▶ [EXERCISE BRIEF]: Without any pictures, the records below should be reproduced exactly.
───── PROVIDED INFORMATION
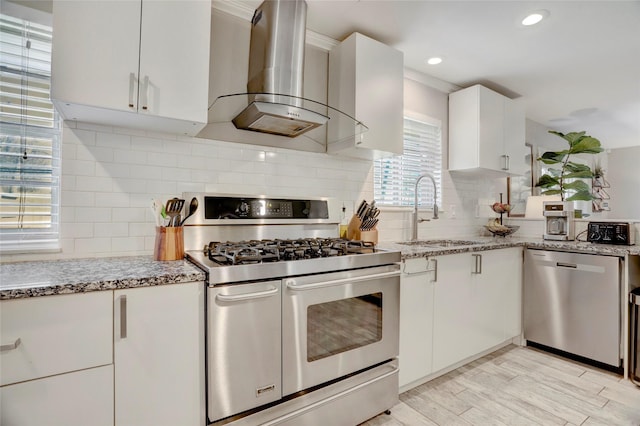 kitchen featuring stainless steel appliances, a sink, decorative backsplash, and wall chimney exhaust hood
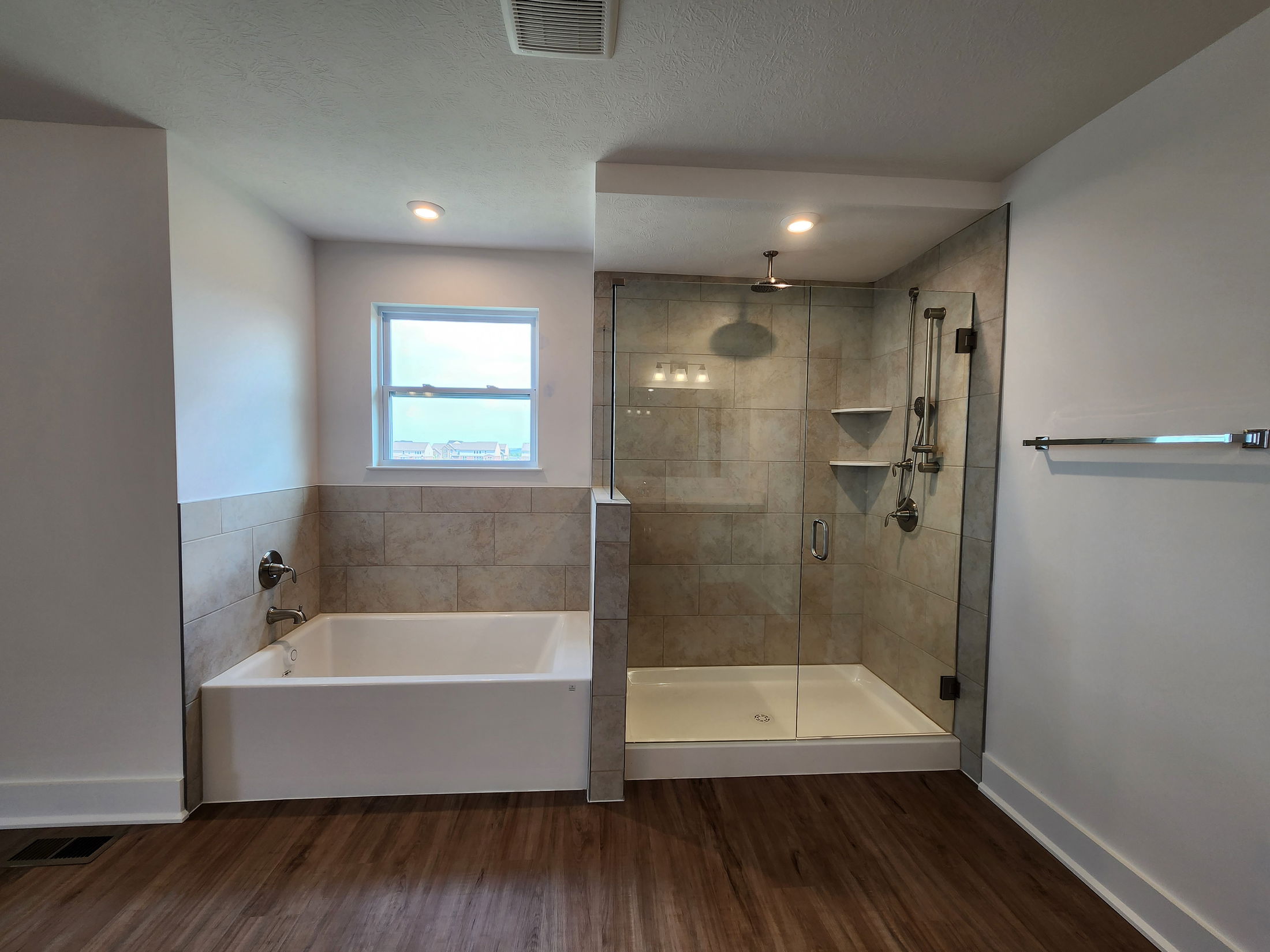 Modern bathroom with a glass-enclosed shower and separate bathtub featuring tile walls and wood-style flooring.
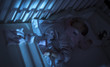 © ondrooo - Adorable baby sleeping in blue at night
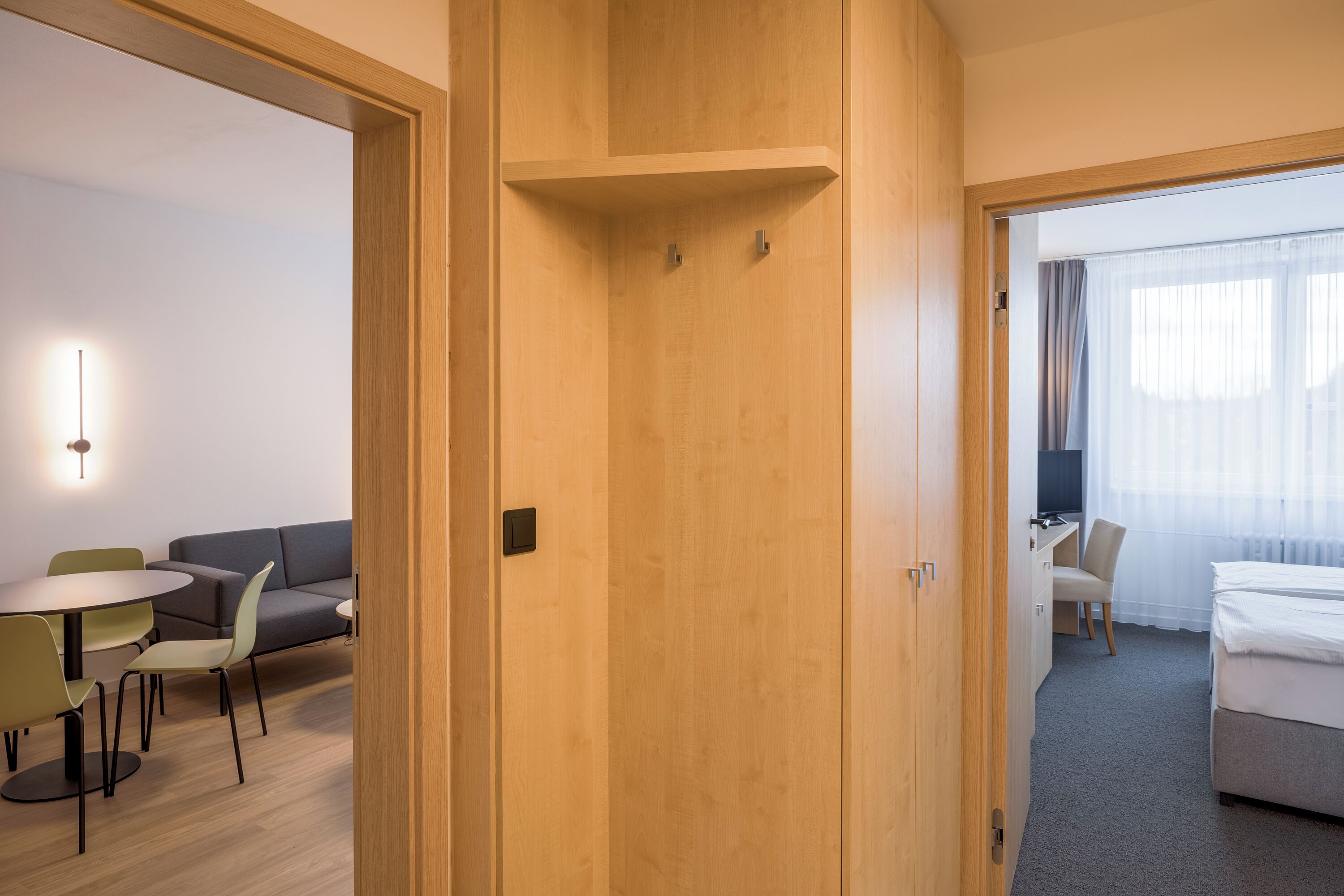 Una habitación de hotel con puerta de madera, un escritorio con silla, una cama y una pequeña mesa con sillas.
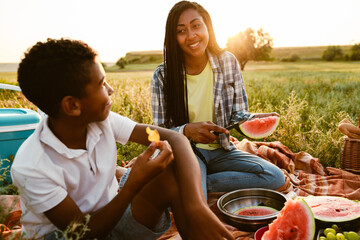 Black family eating watermelon during picnic on summer field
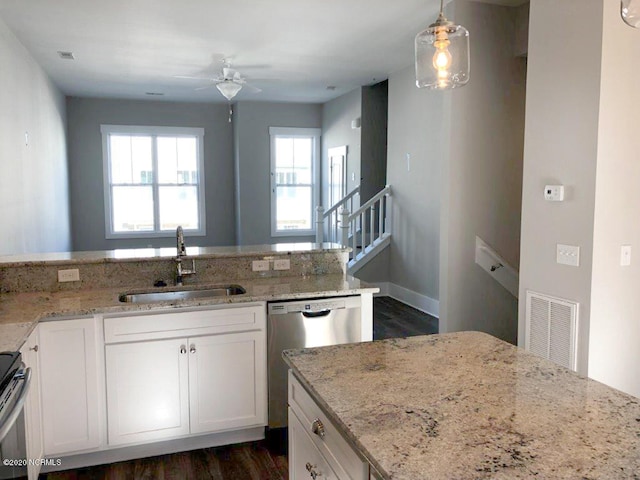 4006 Tamarisk Ln, Wilmington, NC 28409 - kitchen featuring visible vents, stainless steel dishwasher, light stone countertops, ceiling fan, and a sink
──────────
▶ [SOLUTION TO THIS TASK]:
 kitchen featuring stainless steel appliances, a sink, decorative backsplash, and wall chimney exhaust hood
 Modern bathroom with a glass-enclosed shower and separate bathtub featuring tile walls and wood-style flooring.
 © ondrooo - Adorable baby sleeping in blue at night
 Una habitación de hotel con puerta de madera, un escritorio con silla, una cama y una pequeña mesa con sillas.
 Black family eating watermelon during picnic on summer field
 4006 Tamarisk Ln, Wilmington, NC 28409 - kitchen featuring visible vents, stainless steel dishwasher, light stone countertops, ceiling fan, and a sink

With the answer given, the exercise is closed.